70 year old Hoffman York rebrands for digital era as HY Connect

AFTER A MORE than 70-year run as Hoffman York, the ad agency decided it was time for an image update.  So the shop with offices in Chicago and Milwaukee has rebranded itself as HY Connect.

The name change may be cosmetic, but according to HY Connect president Dave Sheehan, the new name does a much better job than the old one of positioning the firm for a digital era when just about every new or existing client is looking for a shop with digital capabilities.  

HY Connect president Dave SheehanThe rebranding comes just months after the agency also brought on board new executive creative director Michael Rivera, previously with Agency.com.  Prior to Agency.com, Rivera also spent several years at Marc USA.

Rivera has helped HY Connect land several pieces of new business, including Turtle Wax and Peapod, even as he has helped strengthen the agency’s digital capabilities. “About 20 percent of our business is in the digital arena now,” said Sheehan.

The agency also handles frequent customer programs for two racetrack clients, Arlington Park and Churchill Downs, both now under the ownership of publicly-traded Churchill Downs Inc.  In addition, HY Connect is now handling media planning and buying for the Room Place.


THE CURTAIN HAS COME DOWN on the 2011 edition of the annual Cannes ad fest, now christened a “festival of creativity.”  Aside from Digital Kitchen/Chicago’s huge Grand Prix win in the design category, it was not a banner year for Chicago ad agencies at the festival, considered the most prestigious of the many advertising awards competitions held annually around the world.

That said, the enterprising and creatively-smart Escape Pod/Chicago is to be commended for landing no fewer than four pieces of work for Kraft Wheat Thins on the short list in the closely-watched film category.  Though none of the Escape Pod work won a Cannes Lion, it was still an impressive showing in that category for a relatively small, but accomplished Chicago ad shop.

Leo Burnett/Chicago was the only local shop to win Lions in the film category — two bronze Lions for its Allstate “Mayhem” work (the most heavily-hyped campaign at that shop during the past year).  No doubt Burnetters were hoping for a somewhat more impressive showing for its “Mayhem” campaign.


THE MERGER of the Chicago-based Dig Communications public relations firm with brand connection agency Olson/Minneapolis is complete. Olson acquired Dig in late 2010.  

Dig’s Pete Marino now president of the Olson public relations unitDig founder and president Pete Marino now becomes president of the Olson public relations unit, which has staffers in Chicago, Minneapolis, New York, Los Angeles, Milwaukee and San Francisco.  

“Although we’re changing our name to Olson (from Dig), we’re not changing our approach to business,” said Marino.  “Our clients continue to expect us to deliver energy, ideas and results with the same strong partnership approach,” added Marino.  

Olson PR unit clients include MillerCoors, Wm. Wrigley Jr. Co. and PepsiCo.  Olson, you may recall, also is the new home for former Element 79/Chicago chief creative officer Dennis Ryan, who now has the same role with Olson. 


ON THE LOCAL TELEVISION FRONT, the turnaround saga at ratings-challenged WFLD-Channel 32 seems to have no end.  Insiders at the Fox-owned station continue to fret about the disturbingly low ratings for both the five-hour morning show “Good Day, Chicago” and the hour-long late newscast at 9 p.m. fronted by Bob Sirott and Robin Robinson. 

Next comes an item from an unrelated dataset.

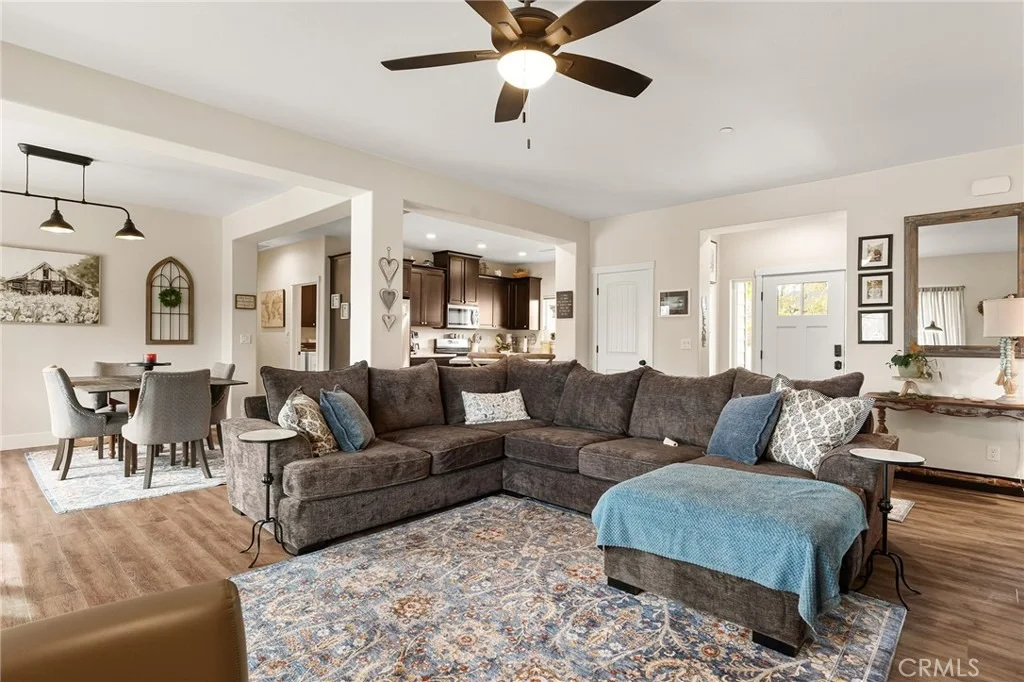Photo of 6240 Wall Lane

The ratings for both shows are not moving significantly higher, which is where management hoped they would move in the wake of a massive change in talent on air and behind the scenes at the station over the past 18 months, as well as adjustments in program content and presentation.

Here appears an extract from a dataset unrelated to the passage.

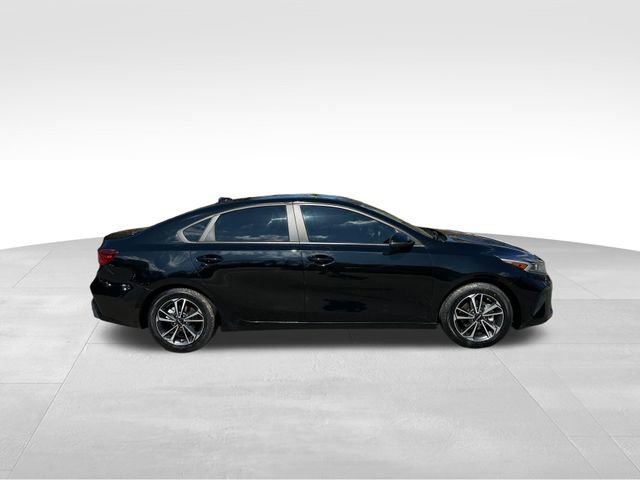 Used 2023 Kia Forte LXS w/ LXS Technology Package image 6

There are rumored to be more changes in the offing as the relentless effort to improve both shows continues.  Among them, sources say, is a new “Good Day Chicago” anchor desk, which will be situated in such a way as to make it appear the show is originating in the WFLD newsroom.

The new anchor desk also will be used for the late newscast, though it’s not yet clear exactly how it will be be incorporated into that newscast. Sources say the new half-circle anchor desk, made of brown and beige woods, will debut later this summer.  Right now it is sitting unused in a corner of the WFLD news studio.

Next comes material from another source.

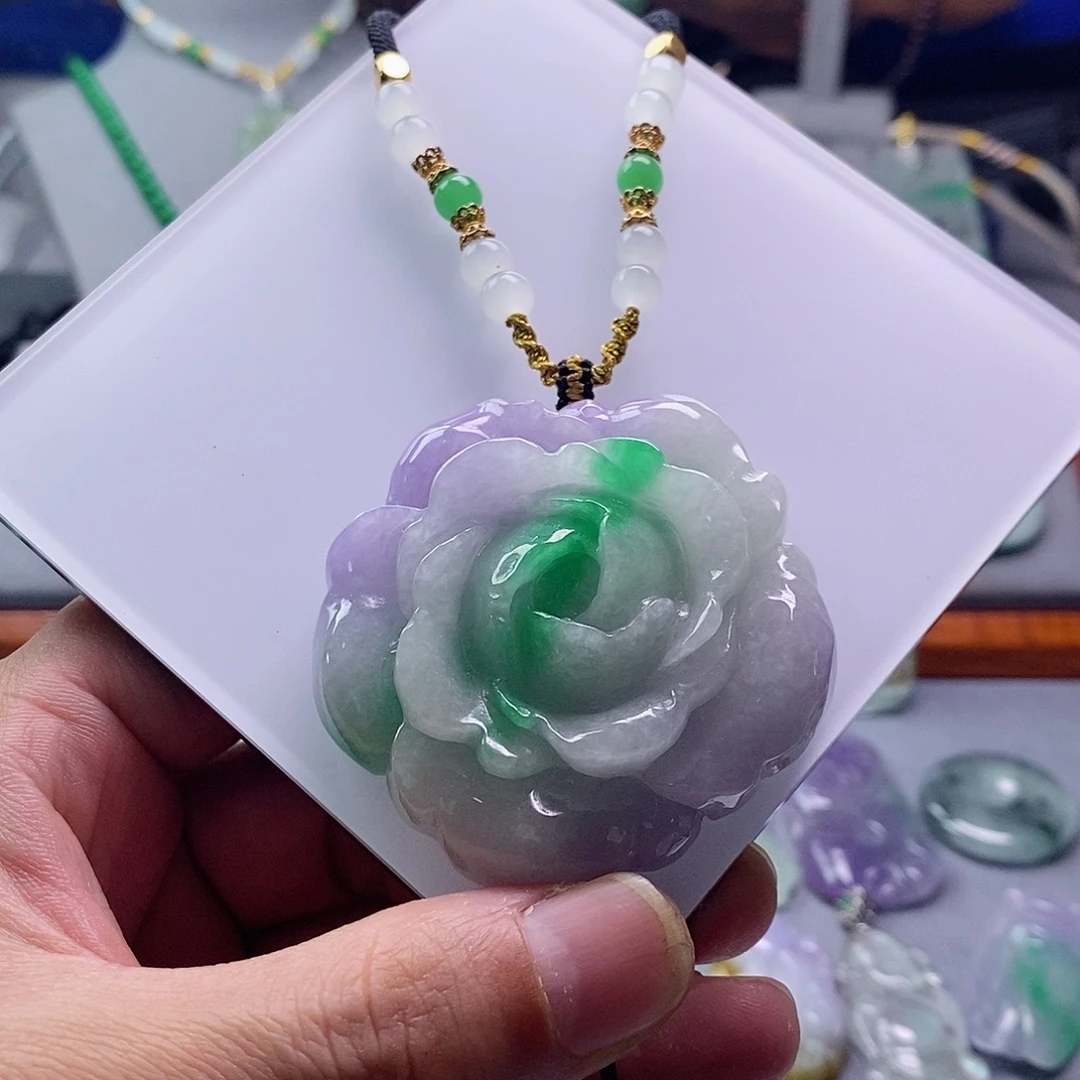 翡翠未镶嵌吊坠(赠链)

There is also considerable talk among WFLD staffers about the possibility of moving “Good Day, Chicago” co-anchors Anna Davlantes and Corey McPherrin to the station’s midday newscast if the ratings for their three-hour portion of “Good Day, Chicago” don’t begin to show some major improvement soon.

Both McPherrin and Davlantes have shown up on the midday newscast often enough recently to make some staffers wonder if management could be seriously contemplating such a move.  

But other sources say that Davlantes and McPherrin have merely been filling in on the midday news program, and management has no plans to move them permanently.